Let me preface this with a warning. I hesitate to tell everyone how to do this, but it's important to know how to do it to avoid catastrophe. Do not abuse this capability. (End of Warning).

Ever had the network crash the day you were supposed to send out a job, leaving you unable to pull a Revit license? The feelings of helplessness and anger at the system are shared by many. This can be avoided with some planning. A day or two before the deadline, copy the project folder onto your desktop. Keep this updated as you continue to save your work onto the server. In the event of a server crash, you're still up and running with your project files. At the same time, open Revit and go to Help-Product and License Information.
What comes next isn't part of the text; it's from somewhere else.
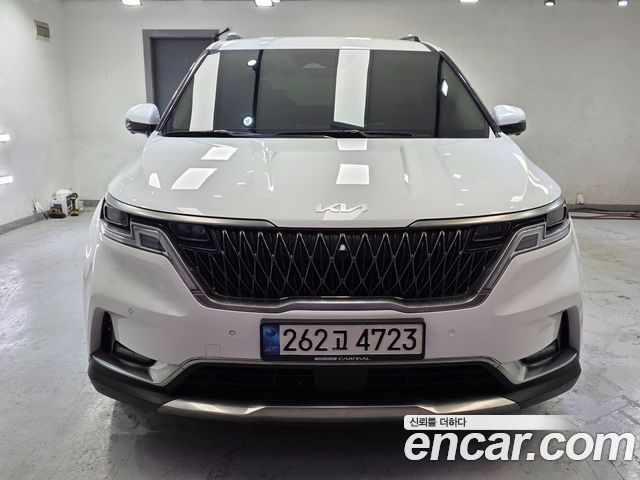 Kia Carnival 9-Seater Signature — пробег 175 937 км — фото 1 из 5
Click the button that says "Borrow" beside the network license. A calendar will open up asking you to select a date to borrow a license until. Select the day after your project deadline. You now will have a borrowed license on your computer till that day. After that day, the license will automatically return itself to the server.
Let the network die, server crash, whatever. You'll still have your files and be able to work in Revit (though you might have some issues printing and emailing).


Rendered Walkthroughs

Revit 2011 (and 2010) allow you to create walkthroughs that are rendered. No more cartoon-like shaded with edges walkthroughs. Granted, you need a computer with enough juice to output renderings, but still, pretty sweet. To make things easier, here's a few tips on creating walkthroughs.

  1. Keep the image small (the videos below are 8"x4").
  2. Be sure and clean out the windows temp file (solution here).
  3. Render at a reasonable quality (for the smaller images, medium quality is usually fine).
  4. To make the rendering a bit quicker, uncheck the lighting movement.
  5. Output to jpeg, not avi, and only output a few hundred frames at a time.
  6. After all frames have been exported, use VirtualDub or a similar program to reassemble.